Juri () is an upazila of the Moulvibazar District.  In 2001, its population was 122,853. It is located 48 km from District headquarters. The local high school was established in 1930.

History
After the Conquest of Sylhet in 1303, many disciples of Shah Jalal migrated to Juri where they preached the religion of Islam to the local people. Shah Gharib Khaki settled in Bhogtera, Jayfarnagar where his mazar remains and likewise for Shah Abdul-Aliyy Nimatra in Fultola Bazaar, Hazrat Irani in Dakshinbhag and Shah Qasimuddin Jibon Jyoti.

During the Bangladesh Liberation War of 1971, freedom fighters conducted operations in various tea gardens across modern-day Juri. The Pakistani army reached Juri on 2 December and many culverts and bridges were destroyed whilst fighting them. Battles were fought in the areas of Fultola, Sagornal and Kapnapahar. Jagadhari pond (behind Juri High School) is noted as a mass killing site. Juri was liberated on 4 December.

On 26 August 1984, Juri was founded as thana. It became an upazila on 8 January 2005 with eight unions of Kulaura Upazila and Barlekha Upazila, four unions from each of these two Upazilas. The inclusion of two  unions, Dakshinvag and Sunagar, was disputed and was stayed by order of court.
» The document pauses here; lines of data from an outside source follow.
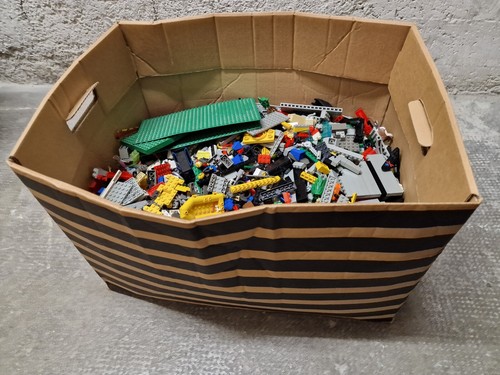 Große lego kiste - lego, kg)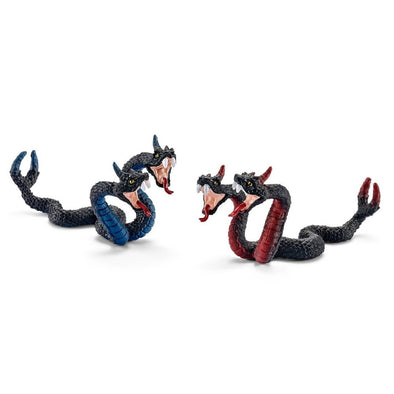 Schleich Eldrador 42154 Poisonous Blood Viper 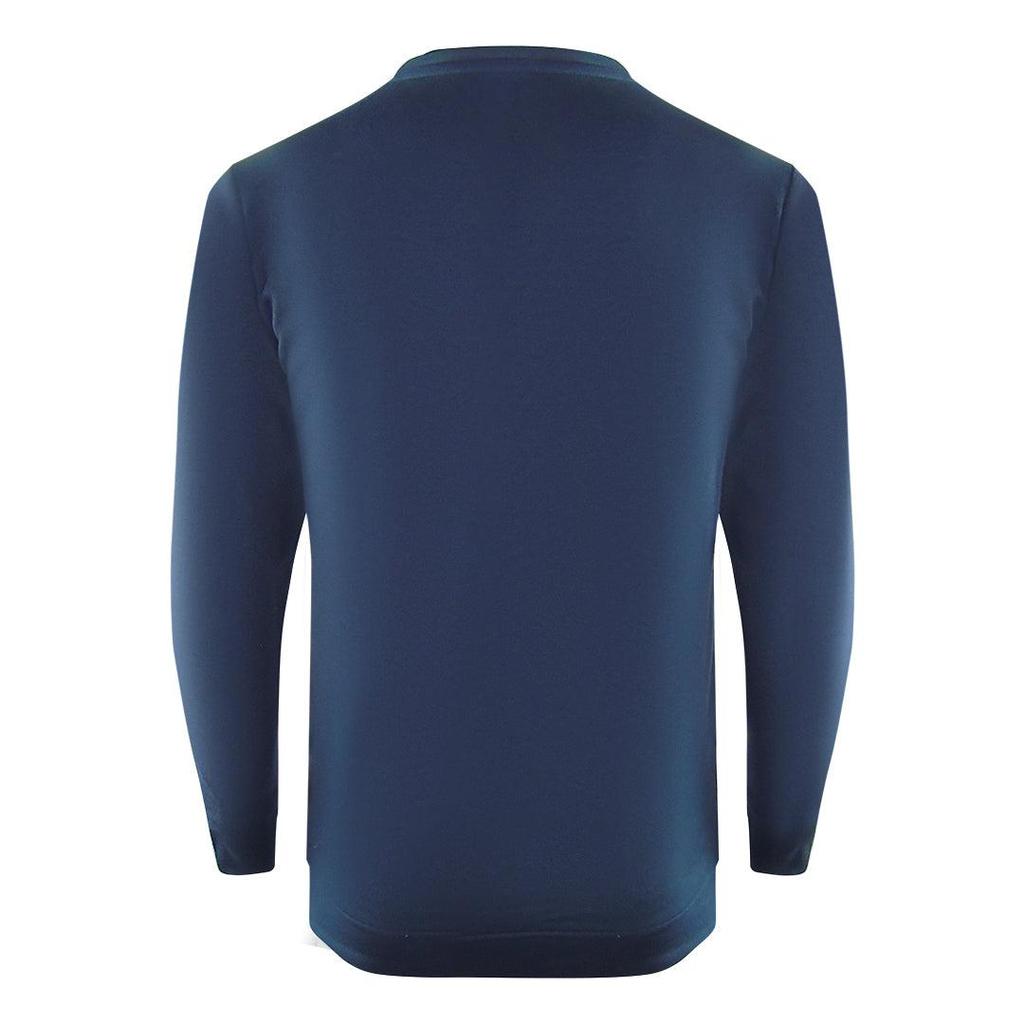 Cavalli Class Unisex Adult Diamond Tiger Sweatshirt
On 12 March 2013, miscreants set fire around Radha Govinda temple in Amtail, Juri. However, the people living around the temple quickly took the fire under control.

Administration
Juri Upazila is divided into six union parishads: Fultola, Gowalbari, Jayfarnagar, Paschim Juri, Purbo Juri, and Sagornal. The union parishads are subdivided into 69 mauzas and 142 villages.

Education

According to Banglapedia, Juri High School, founded in 1930. Other educational institutes in the upazila include Sagornal High School and Sagornal Senior Alim Madrasha Other educational institutes in the upazila include Hazi Monohor Ali M Saifur Rahman High School.